You show them, Shane. And never mind the American troops and Iranian civilians who would die in the inevitable war that would follow Republican rejection of the nuclear treaty Clinton supports. Because they wouldn’t be you, Shane. And never mind the Syrian refugees who wouldn’t find a safe haven on our shores, or the Latino immigrant families whose lives would be torn apart, or the unarmed African-Americans who would continue to be shot dead by unreformed thugs using the cover of badges, or the millions of people who would lose their health insurance, or the women who would die in back alleys because they no longer had the legal right to make medical decisions about their own bodies, or the GLBT parents who might lose custody of their children or other basic human and civil rights, or the millions of people who would be left unprotected from the banking and financial market abuses that Clinton’s financial regulation plan would have prevented, or the very existence of labor unions, labor rights and minimum wages. Because they wouldn’t be you, Shane.
And never mind the further erosion of democracy itself, as voting rights and campaign finance laws were further eviscerated. Gun regulation not only would not move forward, the regulations established by President Obama would be removed. And all of it would be encoded by another generation of extremist activist Supreme Court justices. And then there’s climate change. Forget about doing anything about climate change. Because we can just piss away another four years, not just not making things better but making them worse.

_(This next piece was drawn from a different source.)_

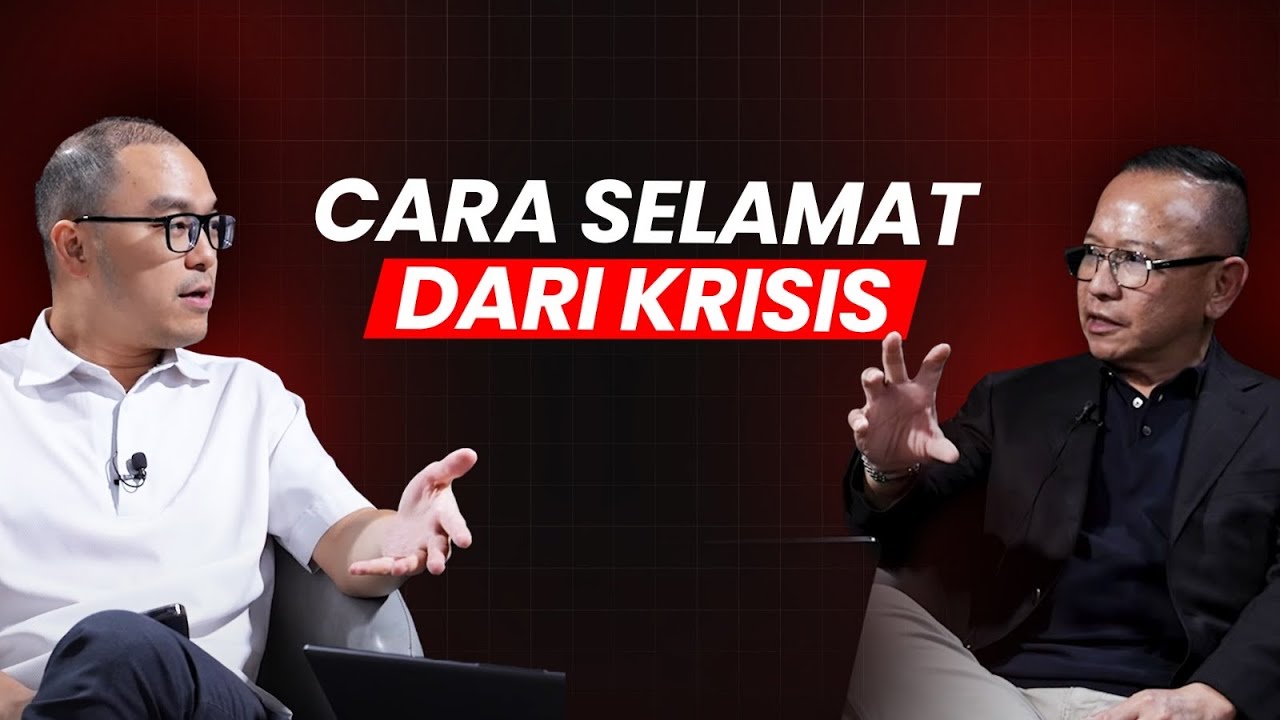 Alarm Bahaya Sebelum Market Ambruk - Ft. Jos Parengkuan cover art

To privileged idiots such as Shane Ryan, these are abstract sacrifices to be considered among many other abstract political calculations. Because he knows that he won’t be the one doing the sacrificing. It’s not his blood. It’s legitimate to debate which of the Democratic candidates would be better, but it’s dishonest and flat out stupid to claim that either is close to perfect or that either is even in the same paradigm of awfulness as the Republicans. And it is not just stupid but unconscionable to relegate others to the incomprehensible suffering another Republican president would make inevitable, just so one can pretend to be making a moral stand that is not only immoral but intellectually vacuous.
The very essence of privileged idiocy.